Ross’s takeover offer has the support of Sovereign Holdings, which owns 18 per cent, while Ross holds 15 per cent himself.
But his deal upset long-term institutional Cosalt shareholders, who saw their stocks priced at 140p just three years ago. They blame Ross for a huge drop in the share price, caused by a highly dilutive equity placement forced through as he returned to chair the firm in 2009.
The £18m share placement was priced at just 5p per share, an 84 per cent discount to the 31p share price at the time, and added 378m new shares to the 25m in issue at the time.
Ross first joined Cosalt’s board in 2005 but resigned in 2008 after he was found to have pledged shares of several companies as collateral against personal loans.

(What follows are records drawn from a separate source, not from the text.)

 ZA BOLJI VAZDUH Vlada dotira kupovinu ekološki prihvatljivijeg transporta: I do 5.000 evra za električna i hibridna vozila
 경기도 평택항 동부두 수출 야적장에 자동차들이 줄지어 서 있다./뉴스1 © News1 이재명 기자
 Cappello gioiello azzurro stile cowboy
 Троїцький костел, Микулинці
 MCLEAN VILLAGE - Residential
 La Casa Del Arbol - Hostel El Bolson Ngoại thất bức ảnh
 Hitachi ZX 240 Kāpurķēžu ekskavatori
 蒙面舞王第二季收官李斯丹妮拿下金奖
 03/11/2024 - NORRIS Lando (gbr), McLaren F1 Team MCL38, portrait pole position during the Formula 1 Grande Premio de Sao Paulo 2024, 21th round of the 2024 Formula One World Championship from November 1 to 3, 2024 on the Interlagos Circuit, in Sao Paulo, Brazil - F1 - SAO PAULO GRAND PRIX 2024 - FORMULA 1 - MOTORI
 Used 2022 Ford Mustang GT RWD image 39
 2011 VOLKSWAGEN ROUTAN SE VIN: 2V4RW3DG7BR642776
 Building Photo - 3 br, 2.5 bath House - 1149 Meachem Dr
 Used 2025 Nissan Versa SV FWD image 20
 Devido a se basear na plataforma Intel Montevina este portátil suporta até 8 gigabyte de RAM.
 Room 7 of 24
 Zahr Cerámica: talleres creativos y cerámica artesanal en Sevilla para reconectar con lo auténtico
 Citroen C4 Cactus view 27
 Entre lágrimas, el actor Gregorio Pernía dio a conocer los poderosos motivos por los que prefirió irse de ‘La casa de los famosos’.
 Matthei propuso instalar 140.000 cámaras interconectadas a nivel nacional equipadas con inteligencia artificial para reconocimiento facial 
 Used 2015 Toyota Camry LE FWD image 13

Grimsby-based Cosalt had grown to a sprawling conglomerate after an acquisition spree, but has now sold off many of its non-core assets and refocused on its core businesses of safety equipment for fire brigades and heavy industries such as oil and gas.
It is loaded with more than £14m of debt and a £9m pension scheme deficit and has burned through its working capital facilities as its business units continue to turn a loss.
Repayment of the £5m facility will also be triggered by a change of control, any refinancing of Cosalt’s bank facilities – or if the company starts insolvency proceedings.
Yesterday shares rallied nearly 18 per cent on the news, to close at 0.23p.
PROFILE | DAVID ROSS, CHAIRMAN, COSALT
DAVID Ross founded Carphone Warehouse with his schoolfriend Charles Dunstone in 1989 and has since experienced both the highs and lows of business life.
Educated at Uppingham School and Nottingham University, Ross qualified as a chartered accountant with Arthur Andersen until leaving for Carphone Warehouse.
He helped lead the phone retailer from strength to strength and oversaw its IPO in 2000, which raised £185m and valued the firm at £1.6bn.
But it hasn’t all been plain sailing for the entrepreneur, a prominent supporter of Prime Minister David Cameron.
Three years ago he resigned from four boards – as director of storage firm Big Yellow; chairman of transport group National Express and Cosalt; and deputy chairman of Carphone Warehouse – after using several million pounds-worth of his shares as collateral against personal loans without notifying the companies. He also stepped down as an adviser to London mayor Boris Johnson on the 2012 Olympics.
The Financial Services Authority cleared him of wrongdoing in January 2009, allowing him to return to Cosalt’s board.
Ross was also questioned by police in late 2009 after a Lithuanian escort girl alleged that she was assaulted outside his Belgravia home one night.
Sniezana Kobeniak claimed to have been called to the property and said she was bruised during an altercation while being turned away. Ross, who had returned to the house after a party, denied all wrongdoing and the claim was later dropped.
The great-grandson of Thomas Ross, one of the founders of Cosalt in 1873, Ross is now fighting to keep the company afloat and has offered to pay £400,000 to take it private. But the offer has angered some shareholders, who say Cosalt was worth £40m in 2009 when Ross became chair.